This version is captioned, a non-captioned version can be seen here.
Dramatising this book for the stage wasn’t easy. We adopted numerous strategies one of which was occasionally to have each of the four actors personify one of the four humours – in a non-naff way.
Traces of that approach can be found in this episode, where we learn how melancholy manifests itself in the behaviour of individuals whose conditions are brought on by an imbalance in each of the four humours. This leads to a petty squabble over whose humour is ‘coolest’, or associated with the most notable figures from history.

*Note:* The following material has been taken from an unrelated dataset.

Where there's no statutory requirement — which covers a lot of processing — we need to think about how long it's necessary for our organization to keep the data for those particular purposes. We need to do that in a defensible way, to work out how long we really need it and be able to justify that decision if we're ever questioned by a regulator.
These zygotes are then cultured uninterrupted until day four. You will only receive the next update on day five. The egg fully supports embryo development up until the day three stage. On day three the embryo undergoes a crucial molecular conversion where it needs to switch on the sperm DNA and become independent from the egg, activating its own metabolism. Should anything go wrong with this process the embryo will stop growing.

Later we see enacted the peculiar tale of ‘an advocate of Paris’. Burton relates this far fetched story as evidence for the effects of ‘melancholy itself adust’ and yet immediately afterwards notes that it is fraom a play. For us this appears to be a clash between ‘truth’ and ‘fiction’ but Mary Ann Lund, from the University of Leicester, reassures us that this division wasn’t so sharp in Burton’s days. Medics would write books describing cases they’d treated alongside those they’d heard tell of. Such notes from famous medics were often published and Burton quotes from them liberally. Such tales may not have entirely met the standards of our British Medical Journal.

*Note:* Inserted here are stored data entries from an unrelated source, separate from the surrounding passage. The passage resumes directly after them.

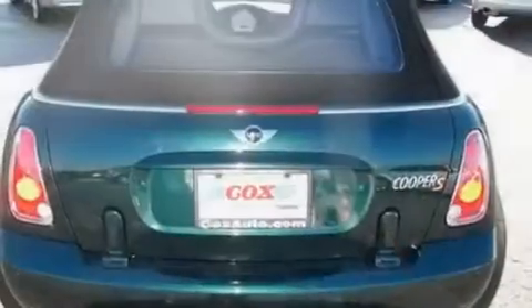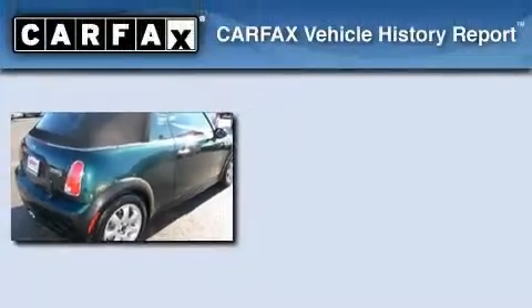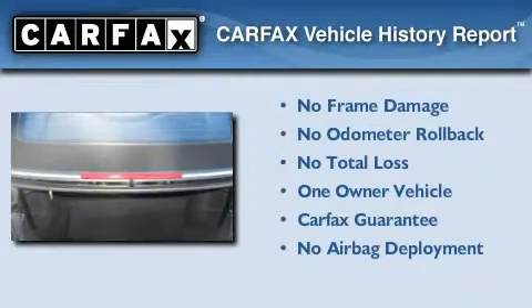With an EPA estimated rating of 29 miles per gallon on the highway, it's easy to see how you can save. This Mini has had only one owner, and it qualifies for the Carfax Buyback Guarantee.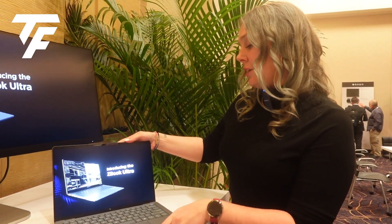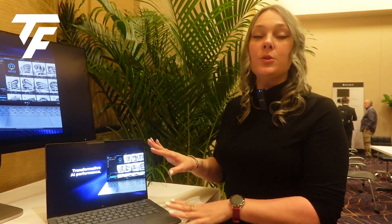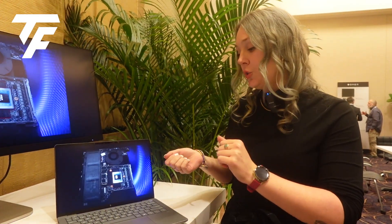It also comes with two display options. Depending on your panel needs, you have a Full HD option, and then there's the QHD OLED that is available in touch or non-touch depending on your needs.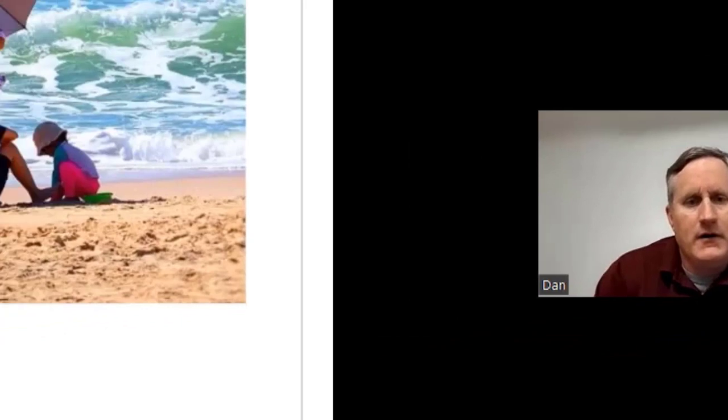Hi, I'm Dr. Dan Remley, and I want to talk to you about some ways that you can protect your skin in the summer and spring.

Love Melancholy fills much of the book’s third partition (which we don’t take on in this series, but did in our play). Lots of ‘evidence’ Burton uses in his study of Love Melancholy is drawn from works of fiction but again Mary Ann defends him, if as Burton believes melancholy is in part a disease of the imaginatio,n why shouldn’t it be studied using imaginative sources?
There is a certain sense to line of argument I suppose, authors reflect on the human experience of love and use that as the basis for writing their fiction, thus lived ‘truth’ and ‘written’ fiction are comingled. However, this approach does bring to mind Freud referencing classical mythology alongside his own case studies and I’ve long thought this works to be absolute hokum.